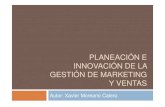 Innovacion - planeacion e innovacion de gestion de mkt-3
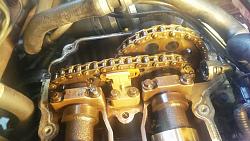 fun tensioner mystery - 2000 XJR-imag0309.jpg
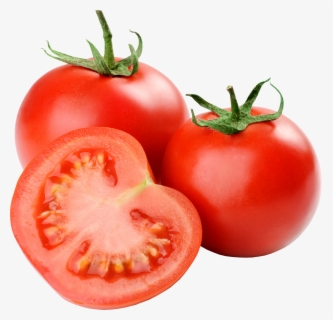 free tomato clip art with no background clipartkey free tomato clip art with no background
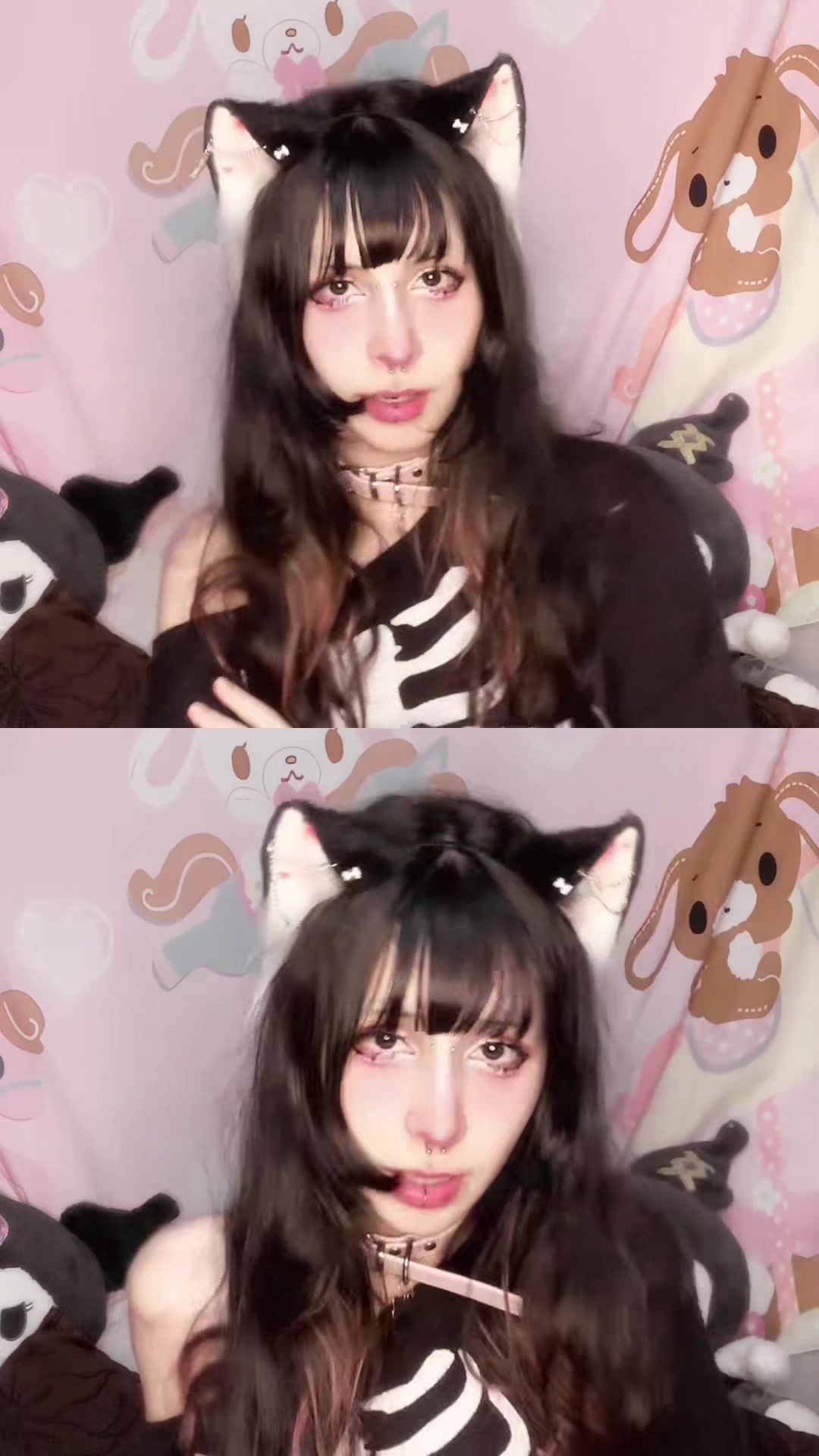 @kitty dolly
* * *
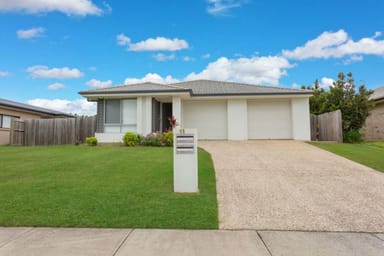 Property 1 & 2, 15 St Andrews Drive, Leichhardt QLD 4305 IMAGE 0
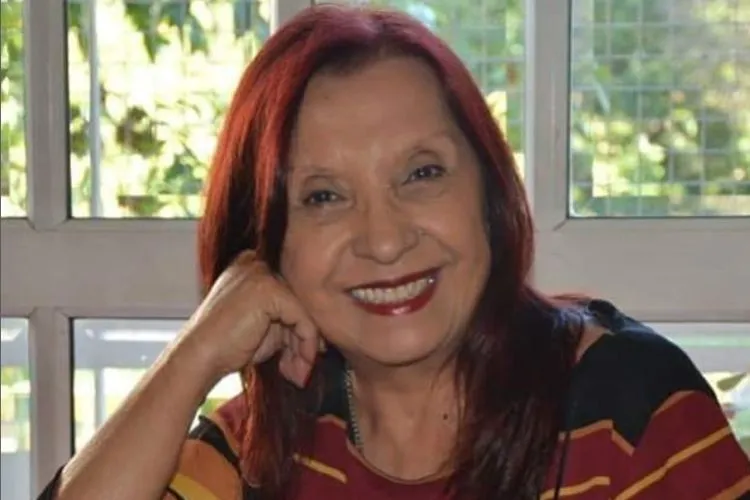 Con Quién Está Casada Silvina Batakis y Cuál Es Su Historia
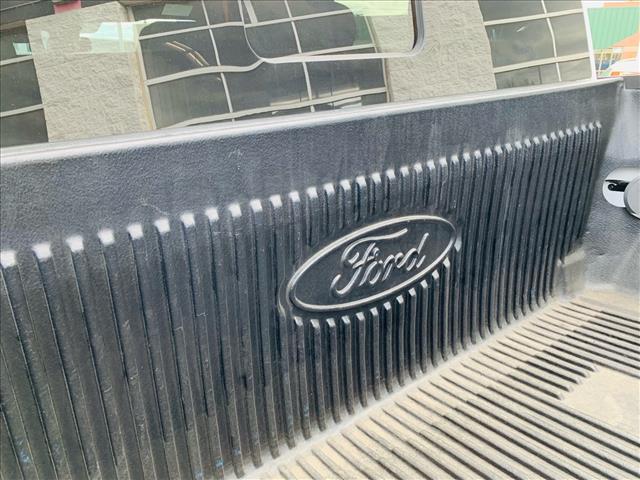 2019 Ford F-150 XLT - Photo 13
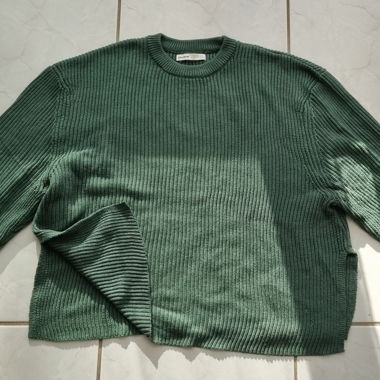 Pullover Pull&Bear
...
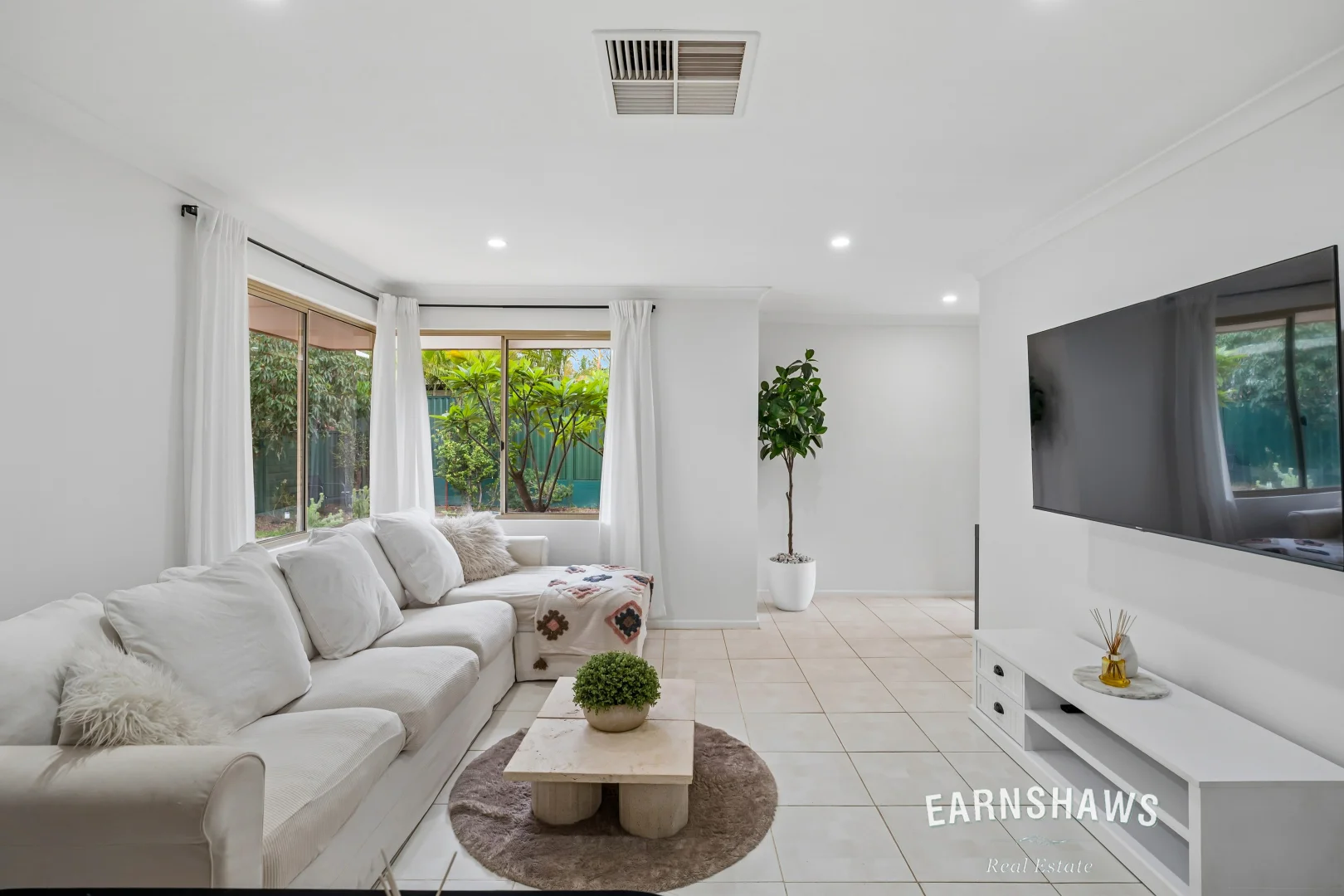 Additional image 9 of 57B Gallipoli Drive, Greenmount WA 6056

#### BRIEF:
Your task is to copy only the lines above starting at the one containing "Con Quién Está" and ending at the one containing "Pullover Pull&Bear". Copy them exactly, both ends included, and omit the pictures.

#### RESPONSE:
 Con Quién Está Casada Silvina Batakis y Cuál Es Su Historia
 2019 Ford F-150 XLT - Photo 13
 Pullover Pull&Bear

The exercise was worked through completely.